Radiohead’s sound progression has certainly been well covered through the years, but in journeying from atmospheric guitar-driven rock with straightforward, poetic lyrics to the more abstract, in terms of ambient-sounding, electronically backed rhythms and shorter, more oblique lyrics (while toying massively with that middle ground in between as well), it’s satisfying to know that to reproduce live their newer sound, the band didn’t merely press play on a beat machine and a keyboard. Instead, drummer Phil Selway laid down some very tight beats while frontman Thom Yorke or multi-instrumentalist Jonny Greenwood took turns on keyboards. Even more impressive was when Greenwood and/or Yorke played an extra drumset over Selway for some intricate, multi-layered beats that could pass for a machine if one closed his or her eyes.
Meanwhile Yorke, always at center stage, reproduced a carbon copy of his moans and falsettos found on all their records. Dancing as only a performer of his status can get away with, he swung his arms, moved around and stayed plenty busy, although his crowd interaction was kept to a minimum.
Some of his first words, in fact, were directed not to the audience but to the many yachts anchored on the bay catching a free concert.
“I say, you in the boats out there, did you pay?” Yorke said in his Oxfordshire accent, as the crowd laughed.
The setting couldn’t have been better, located at Embarcadero Marina South behind the Convention Center. Radiohead didn’t come on until the sun set, which allowed for the use of their clever backdrop: several rhomboid screens, each of which projected a different angle of the five members playing their instruments as the moon rose behind the stage.

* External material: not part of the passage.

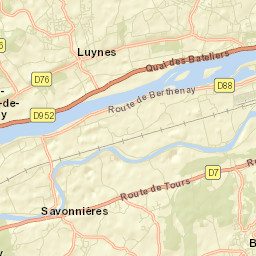 Saint-Étienne-de-Chigny Street Map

Their new songs are surprisingly upbeat and give fans a lot to look forward to when the new album drops next year, though the frat- and sorority-looking crowd could be seen heading back to the beer line or to the restrooms during the unfamiliar moments.
Radiohead came out for not one but two encores. While “Fake Plastic Trees” or “Creep” were nowhere to be heard, the band ran through “Fade Out” and “Just” from “The Bends.” During “Everything in Its Right Place” from “Kid A,” both Greenwood and guitarist Ed O’Brien ditched their other instruments and picked up little boxes known as Kaoss pads, which manipulated Yorke’s vocals and keyboard. One by one, each band member left the stage. O’Brien and Greenwood left these playing on an endless loop, as the stage was now empty while York’s wails could still be heard, in effect.

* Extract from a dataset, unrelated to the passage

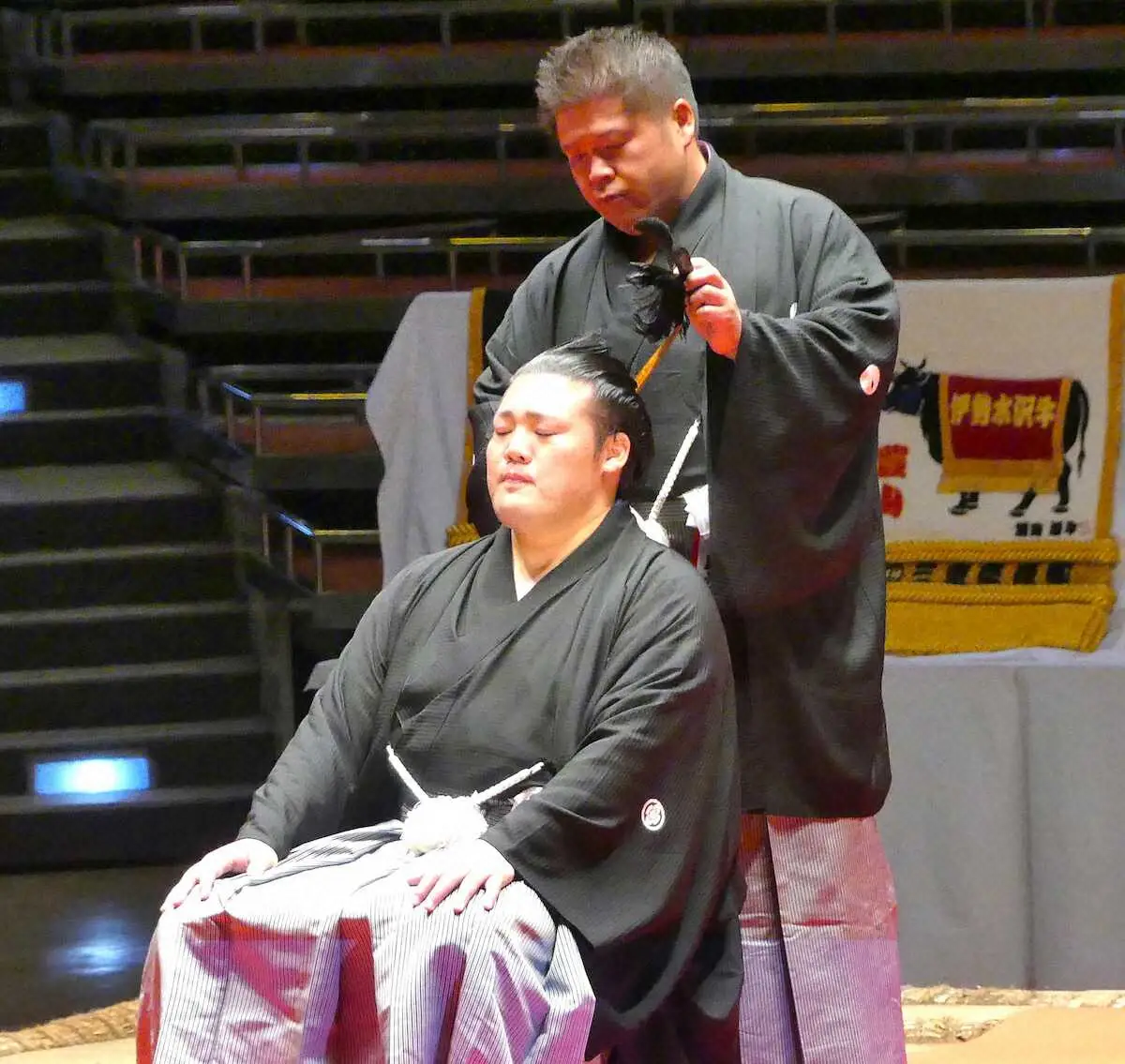 【画像・写真】【豊山断髪式】今後は土俵付きのジムを作る！？「相撲に恩返し」一般人向けの四股指導で普及に尽力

Finally, after a minor costume change, they came back to play one more new song, “4 Minute Warning,” and closed out with the well-known “Lucky,” from “OK Computer.”
This sort of performance, while part of a very large tour, worked well, giving the crowd sort of a “one-off” feeling, as if Radiohead were out there playing some of their favorites while also trying out new material on an adoring crowd. Whatever your opinion of their varied musical directions, their forthcoming material leaves everyone with much to look forward to.